- Court: United States Tax Court
- Full case name: Fairfield Plaza, Inc. v. Commissioner of Internal Revenue
- Decided: January 23, 1963
- Citation: 39 T.C. 706 (1963)

Court membership
- Judge sitting: Bruce

Case opinions
- Decision by: Bruce

Laws applied
- Internal Revenue Code

Keywords
- Return on capital;

= Fairfield Plaza, Inc. v. Commissioner =

Fairfield Plaza, Inc. v. Commissioner, 39 T.C. 706 (1963) was a case before the United States Tax Court discussing timing alternatives in taxing the return of capital.

==Background==
===Facts===
The taxpayer purchased a piece of land, divided it into two tracts, and made certain improvements.

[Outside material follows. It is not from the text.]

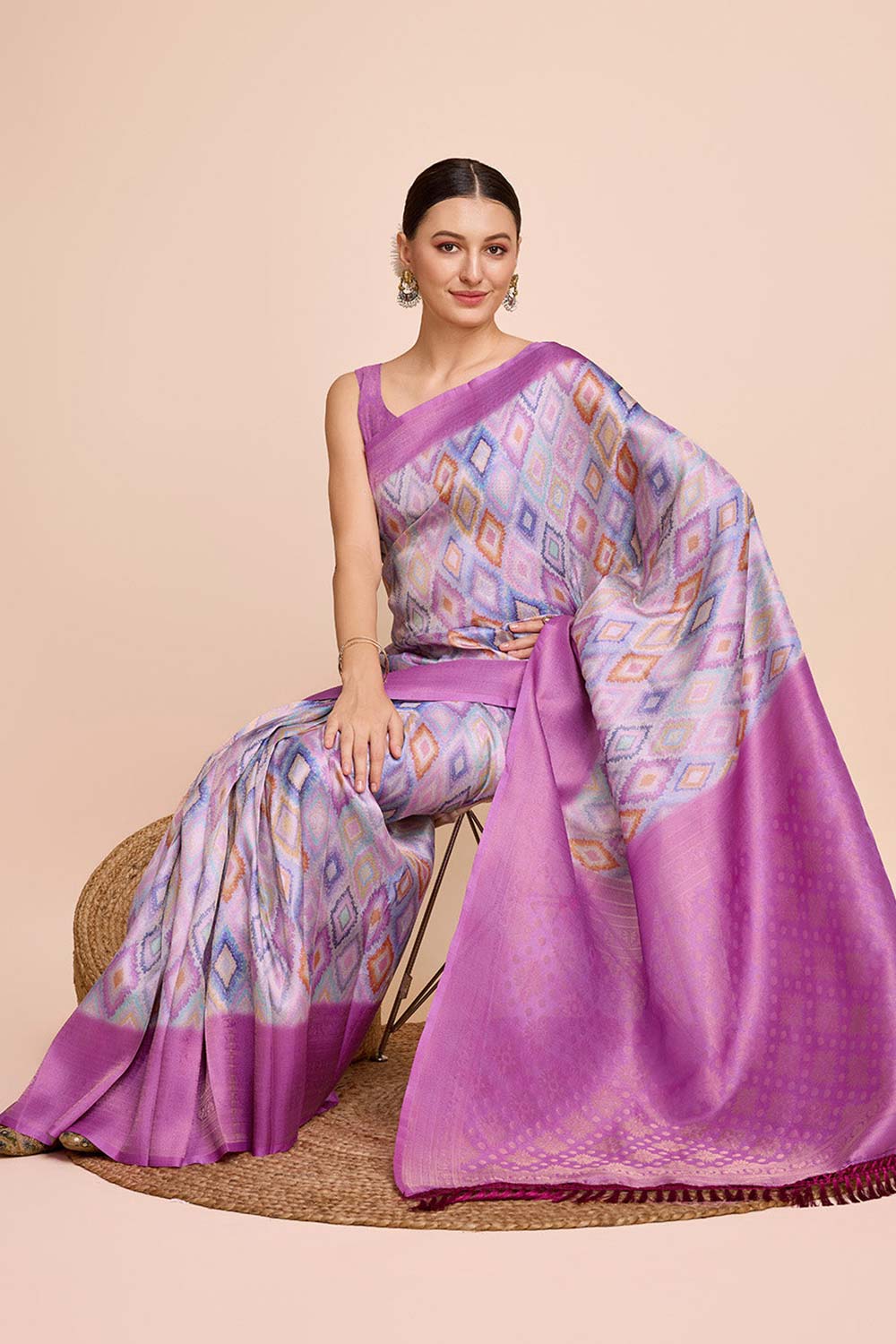 Purple Silk Blend Zari  Saree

The taxpayer sold both of the tracts of land in different years and allocated his basis between the two tracts based upon area. The taxpayer also allocated certain amounts that had been placed into escrow between the two tracts. The amounts in escrow were for improvements to the tract that was sold last.

===Tax return===
The IRS determined that the taxpayer improperly allocated these allocations in its tax return.

====Issues====
The taxpayer challenged the IRS's determination, claiming that the IRS erroneously determined the proper allocation of his basis between the two tracts of land and that the IRS erroneously allocated the amounts that were placed in escrow for improvements between the two tracts of land.

==Opinion of the court==

The court affirmed, finding that the allocation of basis was not proper within the meaning of Treas. Reg. § 1.61-6, reasoning that:
- the relative values of the two tracts were different
- the tract that was sold last was of a greater value
- the taxpayer was not entitled to allocate the amounts placed into escrow between the two tracts of land. The court reasoned that the amounts in question were used for improvements to the tract that was sold last.